What it comes down to, then, is whether or not you’re interested in the back-room dealings that seem to have governed nearly every aspect of the CCP decision-making process. There’s backstabbing and intrigue aplenty, most interestingly during 1989, when every word of Zhao’s speeches was carefully scrutinized by opponents eager to see him fall. There’s the not-so-surprising revelation that Deng Xiaoping’s word was more or less law; once Deng’s opinion turned against Zhao, Zhao implies, there was nothing for him to do. By the time he appeared in the Square and made his famous speech (pictured above), his career was already dead.

Most of the book is focused on the economic development of the 1980s, and the various forces within the Party that were working for (or against that). Factions under the banners of Party elders, who had few official titles but massive influence, clash repeatedly, though Zhao is mostly shielded from the fray by Deng and Hu Yaobang until 1989. Though technically he was one of the most important people in China, one sometimes gets the impression that Zhao is a bit like Calvin and Hobbes barreling down tree-lined slopes in their red wagon: he isn’t so much driving as throwing his weight around trying to prevent narrow misses and put off the inevitable moment when the thing plows into a tree and he’s thrown clear. That’s right, China is a wagon in this metaphor!

Anyway, for me the most telling portion of the book was the chapter on Zhao’s house arrest, when the topic turns abruptly from the life-and-death political games of the leaders of one of the world’s largest countries to Zhao’s struggle to get his captors to let him play golf. Zhao loved golf, and repeatedly threatened to walk out his door and “take the bus” to the course, a threat which he reports often got them to send over a car and let him play a few rounds. When he’s not playing golf, or trying to play golf, he’s working on the minutia of his case, pointing out Party rule infractions that made his dismissal illegal. Of course, no one is listening — generally, no one even responds.

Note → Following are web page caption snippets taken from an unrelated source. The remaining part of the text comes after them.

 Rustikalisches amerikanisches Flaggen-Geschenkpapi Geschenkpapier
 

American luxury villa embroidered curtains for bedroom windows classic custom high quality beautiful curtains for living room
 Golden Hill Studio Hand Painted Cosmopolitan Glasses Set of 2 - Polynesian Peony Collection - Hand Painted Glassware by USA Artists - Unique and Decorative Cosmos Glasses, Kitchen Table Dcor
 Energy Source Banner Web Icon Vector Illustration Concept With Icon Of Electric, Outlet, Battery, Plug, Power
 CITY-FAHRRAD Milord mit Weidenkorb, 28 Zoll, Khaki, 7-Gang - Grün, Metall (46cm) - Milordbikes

And that, I think, will likely be the effect of Prisoner of the State. It’s a fascinating resource for scholars, but it’s about as “dangerous” as Zhao’s letters to his old colleagues in the Party: no one [in China] is listening, and even if they were, the time has passed. Zhao, Deng, Hu Yaobang, Chen Yun, and most of the other major players in Zhao’s memoir are dead. Those that are still alive (most notably Wen Jiabao, China’s current Premier and Zhao’s chief assistant in 1989) are surprisingly absent from the text, perhaps by design.

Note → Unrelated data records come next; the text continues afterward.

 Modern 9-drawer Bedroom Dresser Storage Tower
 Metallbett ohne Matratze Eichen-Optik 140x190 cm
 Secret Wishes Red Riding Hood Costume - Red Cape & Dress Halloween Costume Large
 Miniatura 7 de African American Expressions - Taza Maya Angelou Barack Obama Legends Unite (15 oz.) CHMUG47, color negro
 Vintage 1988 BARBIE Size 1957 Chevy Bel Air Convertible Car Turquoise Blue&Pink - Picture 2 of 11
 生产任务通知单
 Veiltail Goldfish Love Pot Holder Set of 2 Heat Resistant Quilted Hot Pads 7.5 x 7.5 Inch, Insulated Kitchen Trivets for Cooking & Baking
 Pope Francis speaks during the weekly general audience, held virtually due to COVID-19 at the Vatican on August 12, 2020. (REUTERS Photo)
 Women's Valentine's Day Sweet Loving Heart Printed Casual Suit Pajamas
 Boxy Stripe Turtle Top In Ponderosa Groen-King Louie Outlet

Another June 4th has passed, and it seems unlikely that Prisoner of the State will be the thing that finally gets the government to admit its mistake. Still, the book offers a deeper understanding of that night to those seeking it, and perhaps more valuable, a deeper understanding of the progresses and setbacks that led up to it. Zhao may not be dangerous in death, but that doesn’t mean he’s boring.